Simple, right? Press button, images process. But the real world is messy:
- Someone presses the button while processing is still running
- Some images fail and need retries
- Some images keep failing—corrupted files that poison your queue
- You need visibility into what’s happening
Let’s build up a solution.
The Setup
You’re running image vectorization. Maybe you updated your embedding model. Maybe you changed preprocessing. Maybe you’re migrating to a new vector database. Whatever the reason—you need to reprocess everything.
You can’t process all million at once—you have 2 workers. They pull from a queue, vectorize, store embeddings, repeat.
At 10 seconds per image with 2 workers, that’s ~58 days to process everything. Reality is brutal.
Problem 1: The Model Update
Halfway through, you deploy a new embedding model. The old embeddings are now stale—you need everything reprocessed with the new model.

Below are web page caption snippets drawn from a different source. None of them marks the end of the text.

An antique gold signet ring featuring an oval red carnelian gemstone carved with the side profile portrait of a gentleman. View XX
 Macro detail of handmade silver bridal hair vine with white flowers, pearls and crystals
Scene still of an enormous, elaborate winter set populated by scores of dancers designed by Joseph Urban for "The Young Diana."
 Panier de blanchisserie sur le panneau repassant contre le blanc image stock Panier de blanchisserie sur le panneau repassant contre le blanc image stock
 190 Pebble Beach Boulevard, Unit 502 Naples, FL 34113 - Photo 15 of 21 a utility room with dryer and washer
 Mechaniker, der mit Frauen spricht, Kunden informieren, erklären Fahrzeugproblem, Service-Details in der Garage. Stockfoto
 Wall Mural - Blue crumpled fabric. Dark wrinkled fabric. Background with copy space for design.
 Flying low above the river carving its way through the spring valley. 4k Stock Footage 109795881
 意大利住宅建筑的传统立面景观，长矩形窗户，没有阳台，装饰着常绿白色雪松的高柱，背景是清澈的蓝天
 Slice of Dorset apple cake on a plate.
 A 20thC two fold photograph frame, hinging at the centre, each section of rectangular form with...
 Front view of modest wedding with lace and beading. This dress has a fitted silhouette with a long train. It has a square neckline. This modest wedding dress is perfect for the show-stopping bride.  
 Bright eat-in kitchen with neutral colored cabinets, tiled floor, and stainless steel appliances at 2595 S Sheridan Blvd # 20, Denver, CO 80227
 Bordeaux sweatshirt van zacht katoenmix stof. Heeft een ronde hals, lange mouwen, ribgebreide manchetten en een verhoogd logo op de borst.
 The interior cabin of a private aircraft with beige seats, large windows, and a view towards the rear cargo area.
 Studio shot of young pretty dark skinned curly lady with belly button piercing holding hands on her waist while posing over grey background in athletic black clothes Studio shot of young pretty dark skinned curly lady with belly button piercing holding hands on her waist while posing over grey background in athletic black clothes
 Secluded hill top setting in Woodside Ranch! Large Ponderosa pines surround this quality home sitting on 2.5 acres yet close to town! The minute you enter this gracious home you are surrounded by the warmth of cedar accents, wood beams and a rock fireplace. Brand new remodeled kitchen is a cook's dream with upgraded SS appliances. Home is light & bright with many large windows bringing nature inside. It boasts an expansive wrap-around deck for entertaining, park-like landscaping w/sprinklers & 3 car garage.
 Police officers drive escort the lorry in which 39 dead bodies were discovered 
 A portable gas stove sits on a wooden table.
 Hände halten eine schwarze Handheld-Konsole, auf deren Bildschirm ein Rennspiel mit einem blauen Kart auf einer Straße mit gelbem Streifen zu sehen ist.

This isn’t a fat-finger. You want to cancel the old work and restart fresh.
The naive approach:
UPDATE images SET status = 'pending' WHERE status = 'completed'; But what about the images currently being vectorized? And what about images still queued but not started?
The problem: status flags create a race condition. You can’t re-queue running tasks (they’d process twice with the old model), so they get skipped. The user expected everything to use the new model, but in-flight images slip through with stale embeddings.
Solution: Generation Numbers
Instead of boolean states, use a monotonically increasing generation:
Press "Rerun All" multiple times while processing. Generation bumps—running tasks complete then auto-requeue.
CREATE TABLE images (
id BIGINT PRIMARY KEY,
target_gen BIGINT DEFAULT 0,
completed_gen BIGINT DEFAULT 0,
INDEX idx_pending (target_gen, completed_gen)
);
-- Rerun all: just bump the target
UPDATE images SET target_gen = target_gen + 1;
-- Find work: target > completed
SELECT * FROM images
WHERE target_gen > completed_gen
FOR UPDATE SKIP LOCKED;
-- Complete: set completed = target (captured at pickup)
UPDATE images SET completed_gen = ? WHERE id = ?; What’s FOR UPDATE SKIP LOCKED? It’s MySQL’s secret weapon for job queues:
FOR UPDATElocks the rows you select so no other worker can grab themSKIP LOCKEDmeans “if a row is already locked, skip it instead of waiting”
Without it, Worker 2 would block waiting for Worker 1 to finish. With it, Worker 2 just grabs the next available row. No blocking, no double-processing.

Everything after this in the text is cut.